Original Article |
2008, Vol.30, No.6, pp. 755-760
Determination of optimum rotational speed of heterogeneous catalytic reactor using computational fluid dynamic
Rungrote Kokoo, Phavanee Narataruksa, Karn Pana-Suppamassadu, and Sabaithip Tungkamani
pp. 755 - 760
Abstract
Solid suspension in a stirrer tank reactor is relevant in many chemical process industries. For a heterogeneous catalytic reactor, the degree of solid suspension is a crucial parameter in the design and scaling-up processes. The suspension of solid catalysts at a minimum impeller speed can reduce the operating cost of processes. To ensure optimum conditions for suspension, a 3D simulation technique by Computational Fluid Dynamic (CFD) was used to study flow characteristics in a heterogeneous catalytic reactor. A case study of a 200 milliliter cylindrical reactor was modeled together with equipped parts, i.e. a sampling port, 2 baffles, one thermocouple and a mechanical stirrer.
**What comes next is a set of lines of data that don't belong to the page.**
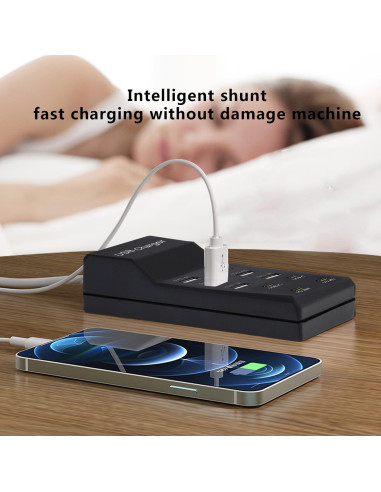 Cargador USB 50W Dongguan 10 Puertos Inteligentes Negro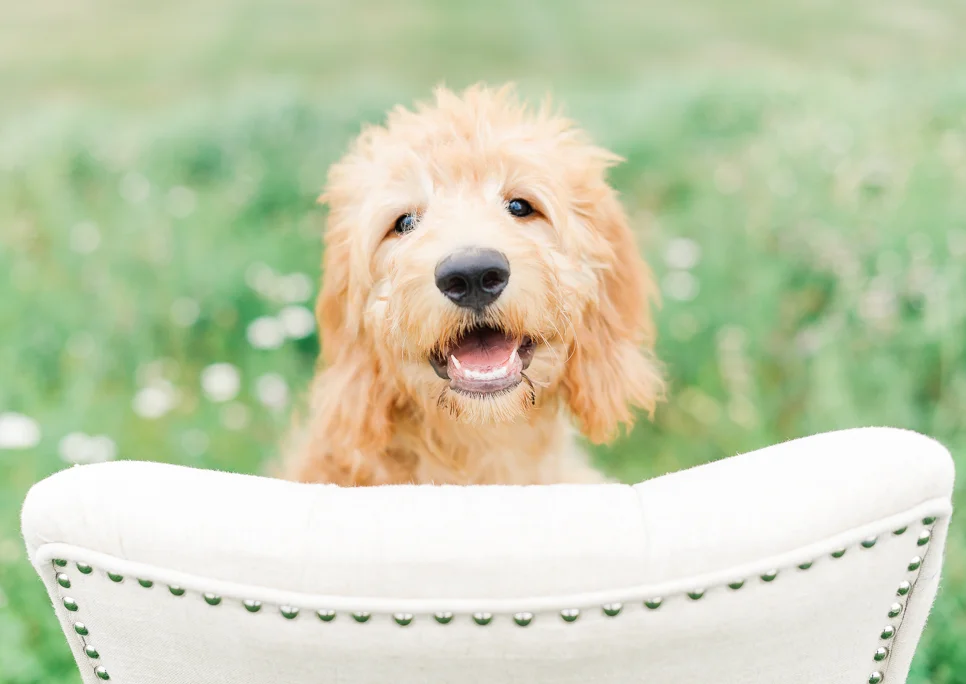 4 Months Old | Miss Lola!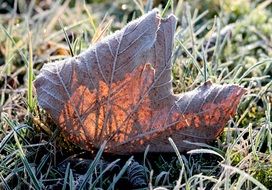 frosted maple leaf on grass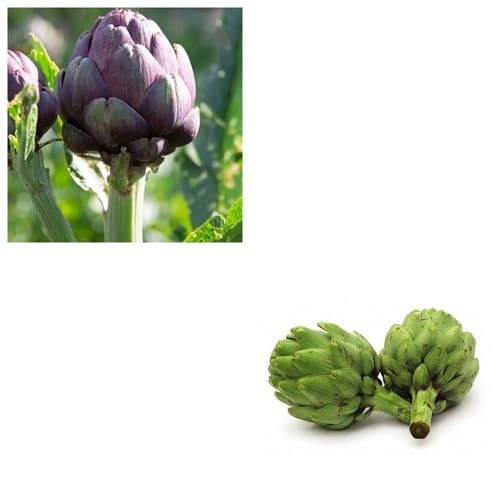 Mixed Artichoke vegetable seeds - Heirloom, Organic, Non Gmo Garden Seeds for kitchen garden planting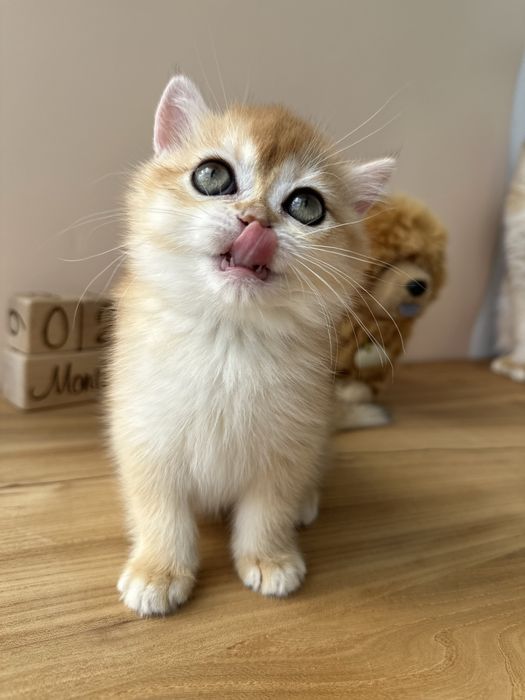 Британские котята золотые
The results show that the total velocity increases from the impeller’s center to the impeller’s tip and decreases from the impeller’s tip to the side wall of the reactor. The vertical velocity at the bottom of the impellers directs flow upward while the velocity at the top directs flow downward. These simulations provide a good preview of solid suspension without doing experiments. It is recommended that the vertical velocity at the bottom of the reactor is in the range between minimum fluidization velocity and terminal velocity to ensure solid suspension in the system.